Many lists of the most anticipated books for 2020 included Brit Bennett's The Vanishing Half, but now it has been picked up for an HBO limited series in a seven-figure deal. I really loved this book, and I can't wait for it to be made into a television series because I think it would be amazing. But before then, I believe reading this book is worthwhile.

I was taken aback by how easily I became engrossed in this tale. Bennett's prose is straightforward but appropriately descriptive. There isn't much filler, which is something I usually like, and the plot advances at a fairly steady pace. 

In addition, considering the somewhat heavy subjects covered in the book, reading it was surprisingly simple. I was aware from the reviews that it would probably be a book with insightful observations on race, but I was still taken aback by how much I enjoyed the story on its own. It's a complex tale about family, identity, and the secrets we harbour.

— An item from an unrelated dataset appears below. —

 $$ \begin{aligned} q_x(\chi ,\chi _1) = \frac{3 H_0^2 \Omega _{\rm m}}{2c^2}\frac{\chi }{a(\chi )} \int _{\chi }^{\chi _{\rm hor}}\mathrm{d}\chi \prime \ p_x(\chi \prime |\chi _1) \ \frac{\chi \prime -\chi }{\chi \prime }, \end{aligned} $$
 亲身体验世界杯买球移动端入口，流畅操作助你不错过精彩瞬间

The Vanishing Half weaves together a variety of characters with diverse backgrounds throughout the narrative. Jude's tale is one of a young, dark-skinned woman coming of age and realising who she is. Desiree is a light-skinned Black woman who chooses to maintain her Black identity, whereas Stella is a light-skinned Black woman who chooses to pass as white. Kennedy believes she is exclusively white as she grows up. Additionally, Reese is transgender, whereas Barry only wears drag occasionally.

Although Bennett's novel The Vanishing Half is set a few decades in the past, she uses its premise to examine several extremely current racial issues. Stella, for instance, ends up residing in a white neighbourhood full of the kind of people who might agree with Dr. King's viewpoints but who also object to Black people residing there.

While overt racism like that is less prevalent in 2022, there are still many so-called "woke" liberals who refuse to date or hook up with someone of a different race, and whose social circles are made up entirely of white people with maybe one token Black friend added on.